Show intellectual curiosity to ace interviews

We sat down with Philipp, who interviewed with McKinsey earlier this year, to hear about his experience interviewing with Finalta by McKinsey. Read more about how he tackled interviews while on a journey across Argentina.

Philipp at Machu Picchu
Philipp at Machu Picchu

About me

I graduated in finance from the University of Amsterdam and started my career at a global bank. Following three years as a credit analyst, I continued my journey as a banking restructuring consultant, focusing in mergers and acquisitions in Germany. Now, I am an analyst with Finalta by McKinsey in Budapest, where we benchmark the productivity and digital advancement of banks across Europe to help clients make strategic decisions.

I applied to McKinsey because it’s a global network of outstanding individuals who are motivated to work together to make a meaningful difference for clients. I appreciate McKinsey’s focus on value creation for clients; it’s a main driver of the firm’s amazing culture. Additionally, I was excited about the breadth of opportunities for career development here - it is unparalleled.

Before interviews

I read online resources about McKinsey’s interview process, and, honestly, felt overwhelmed. My worries turned out to be unnecessary. The interview process is designed in a logical way and consists of intellectual problem solving sessions. Rather than a right or wrong answer, intellectual curiosity should prevail. The combined case and fit-based interviewing style is an effective assessment, focused more on learning how someone thinks than examining the knowledge the possess.

Initial interviews

I felt nervous getting ready for my two initial interviews. It was pre-COVID-19, so the interviews were held in the Budapest office – a new city, a new firm and a ton of smart people around me. I hung onto the thought that I was invited for a reason, and took confidence in my preparations.

Silhouette photo of Philip on the beach at sunset
Silhouette photo of Philip on the beach at sunset

Final rounds

I had two final interviews, one in Madrid and the other in Buenos Aires (where I was traveling at the time).
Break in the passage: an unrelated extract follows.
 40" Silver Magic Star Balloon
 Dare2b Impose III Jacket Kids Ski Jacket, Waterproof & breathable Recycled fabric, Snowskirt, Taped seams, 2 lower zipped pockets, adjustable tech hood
I was surprised by the genuine involvement of my interviewers who conducted the sessions in a coherent and guiding way. They guided me toward a holistic understanding of the requirements and substance of my role. As a bonus, when I visited those offices, I felt a sense of belonging I haven’t experienced so strongly before. I haven’t officially started at the firm yet, but I have already gotten to know my soon-to-be team members and leadership.

Interview highlights

I conducted my final interview with the Budapest office via video conference while backpacking in Buenos Aires. I didn’t have the most elegant clothing at my disposal, and ended up wearing a flowery shirt and flip flops (which, thankfully, could not be seen in the video). A formal offer arrived two hours after the interview, evidencing the firm’s meritocratic culture. While a suit may not be required for interviews, I wouldn’t exactly try my wardrobe that day by choice.